Maximov's works are presented in the collections of museums:

- Moscow Kremlin Museums. Moscow
- The State Hermitage Museum, St Petersburg
- State Historical Museum. Moscow
- State Museum of the History of St. Petersburg. St. Petersburg
- State Literary Museum. Moscow
- Literature Museum of Dostoyevsky, St Petersburg
- The Museum & Nature Reserve «Tsaritsyno». Moscow
- All-Russian Museum of Decorative and Applied Arts. Moscow
- Enamel Museum Limoges. France
- Collection of Queen Elizabeth II, London

==Personal life==
Maximov spent his childhood and youth in the Moscow region village of Aleksandrovka. In 1980, he moved from Moscow to Leningrad (Saint Petersburg).From 1989 to 2000 he lived in Witten (Germany) and Amsterdam (Netherlands).

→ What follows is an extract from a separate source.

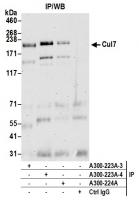 Detection of human Cul7 by western blot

He currently lives in Saint Petersburg, Russia.

== Awards ==
In 1982 Maximov was awarded the International Award for Remarkable Artistic Achievement on the III Quadriennale of Applied Arts in Erfurt, Germany.

In 1988 he was awarded the Grand Prix of the Leningrad Committee of The Union of Russian Artists. That same year, the miniature "Vernissage", after receiving the purchase prize, was placed in the exposition of the Enamel Museum in Limoges (France).